将C ++类型int16_t转换为int64_t，而无需修改基础二进制文件

Question

I am trying to generate a hash code for an object in 3D space so it can be quickly found in an array using a binary search algorithm.

Since each object in this array has a unique XYZ location, I figured I could use those three values to generate the hash code. I used the following code to try and generate the hash code.

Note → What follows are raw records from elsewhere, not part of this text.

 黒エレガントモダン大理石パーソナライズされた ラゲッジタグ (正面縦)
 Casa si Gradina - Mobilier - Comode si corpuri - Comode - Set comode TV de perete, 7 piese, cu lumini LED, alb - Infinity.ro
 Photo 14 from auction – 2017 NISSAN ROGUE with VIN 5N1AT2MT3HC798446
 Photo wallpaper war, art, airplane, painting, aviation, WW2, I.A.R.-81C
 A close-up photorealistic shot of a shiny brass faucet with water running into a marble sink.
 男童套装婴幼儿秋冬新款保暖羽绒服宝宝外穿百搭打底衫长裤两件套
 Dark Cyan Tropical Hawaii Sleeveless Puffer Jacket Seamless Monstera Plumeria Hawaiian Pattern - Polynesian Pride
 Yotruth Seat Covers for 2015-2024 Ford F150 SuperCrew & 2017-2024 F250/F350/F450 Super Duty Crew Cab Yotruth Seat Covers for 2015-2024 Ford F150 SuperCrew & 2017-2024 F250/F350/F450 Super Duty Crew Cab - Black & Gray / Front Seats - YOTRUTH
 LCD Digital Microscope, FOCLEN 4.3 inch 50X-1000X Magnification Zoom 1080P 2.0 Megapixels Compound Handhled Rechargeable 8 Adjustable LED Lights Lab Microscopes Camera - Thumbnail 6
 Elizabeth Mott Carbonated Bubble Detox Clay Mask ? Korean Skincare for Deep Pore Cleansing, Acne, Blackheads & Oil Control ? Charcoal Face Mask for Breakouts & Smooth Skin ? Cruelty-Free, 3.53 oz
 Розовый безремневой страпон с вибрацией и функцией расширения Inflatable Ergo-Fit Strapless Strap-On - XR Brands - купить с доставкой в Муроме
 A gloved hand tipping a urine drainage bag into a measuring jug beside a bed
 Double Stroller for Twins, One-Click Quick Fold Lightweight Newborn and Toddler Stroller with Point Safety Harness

int64_t generateCode(int16_t x, int16_t y, int16_t z) {
    int64_t hashCode = z;//Set Z bits.
    hashCode <<= 16;//Shift them 16 bits.
    hashCode |= y;//Set Y bits.
    hashCode <<= 16;//Shift them 16 bits.
    hashCode |= x;//Set X bits.
}

Now here is the problem from what I can tell. Consider the following peace of code:

int16_t x = -1;
cout << "X: " << bitset<16>(x) << endl;//Prints the binary value of X.
int64_t y = x;//Set Y to X. This will automatically cast the types.
cout << "Y: " << bitset<64>(y) << endl;//Prints the binary value of Y.

The output of this program is as follows:

X: 1111111111111111
Y: 1111111111111111111111111111111111111111111111111111111111111111

It keeps the numerical value of the number, but changes the underlying binary to do that. I don't want to modify that binary so I can have an output like the following:

X: 1111111111111111
Y: 0000000000000000000000000000000000000000000000001111111111111111

By doing that, I can then create a unique hash code from the XYZ values that would look like the following:

           Unused            X                 Y                 Z
HashCode: [0000000000000000][0000000000000000][0000000000000000][0000000000000000]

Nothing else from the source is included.